What is needed:
Strip the pictures, then copy the remaining data exactly as it stands.

Supplied information:

§ §

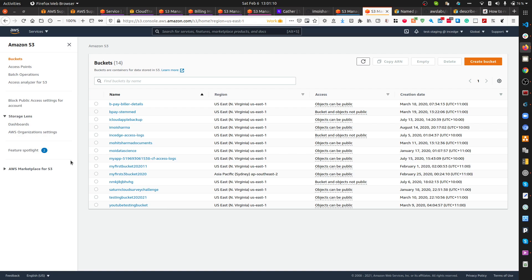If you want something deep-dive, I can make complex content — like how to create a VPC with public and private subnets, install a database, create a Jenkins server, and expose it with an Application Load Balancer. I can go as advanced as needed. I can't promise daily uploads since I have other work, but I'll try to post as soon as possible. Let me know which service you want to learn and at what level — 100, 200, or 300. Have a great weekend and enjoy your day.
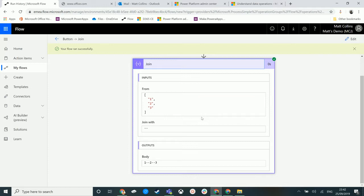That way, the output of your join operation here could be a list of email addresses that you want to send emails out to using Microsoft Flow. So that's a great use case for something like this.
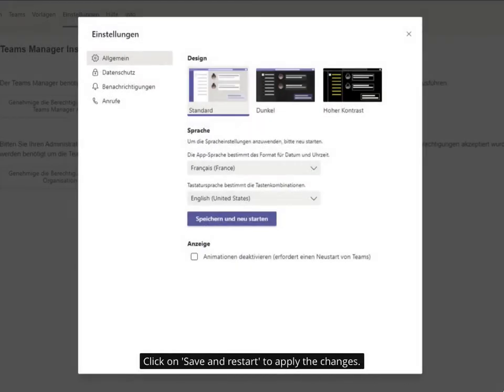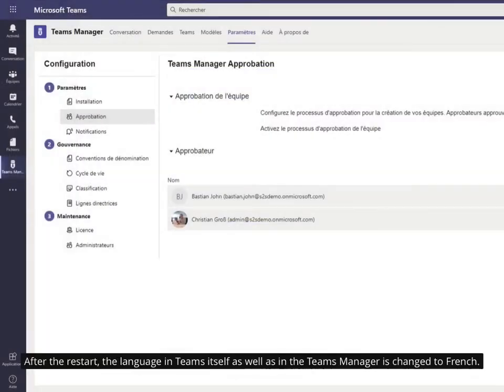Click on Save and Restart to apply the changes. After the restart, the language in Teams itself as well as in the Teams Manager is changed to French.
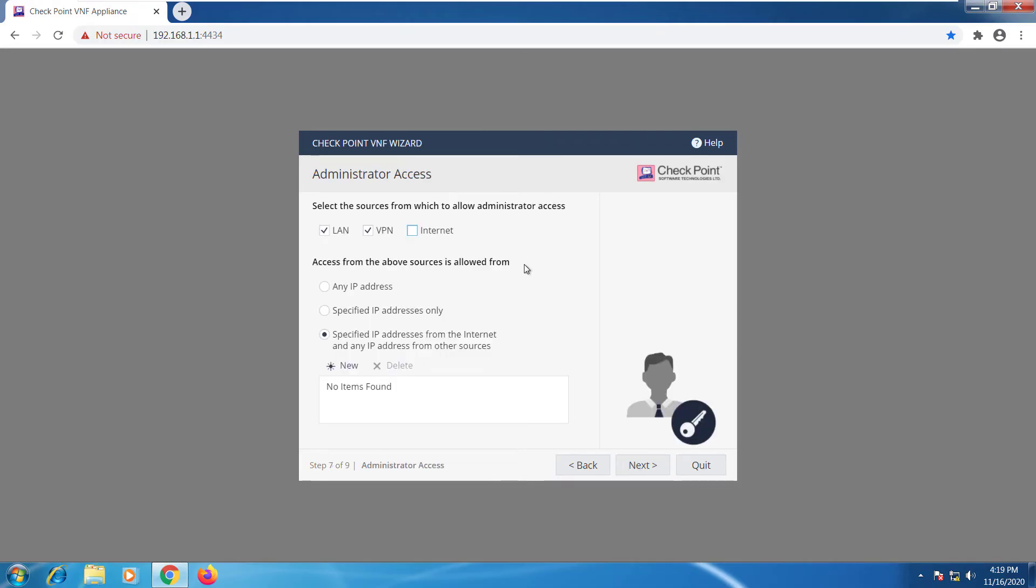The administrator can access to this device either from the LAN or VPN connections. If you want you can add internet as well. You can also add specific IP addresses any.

§ §

Response to this exercise:
If you want something deep-dive, I can make complex content — like how to create a VPC with public and private subnets, install a database, create a Jenkins server, and expose it with an Application Load Balancer. I can go as advanced as needed. I can't promise daily uploads since I have other work, but I'll try to post as soon as possible. Let me know which service you want to learn and at what level — 100, 200, or 300. Have a great weekend and enjoy your day.
That way, the output of your join operation here could be a list of email addresses that you want to send emails out to using Microsoft Flow. So that's a great use case for something like this.
Click on Save and Restart to apply the changes. After the restart, the language in Teams itself as well as in the Teams Manager is changed to French.
The administrator can access to this device either from the LAN or VPN connections. If you want you can add internet as well. You can also add specific IP addresses any.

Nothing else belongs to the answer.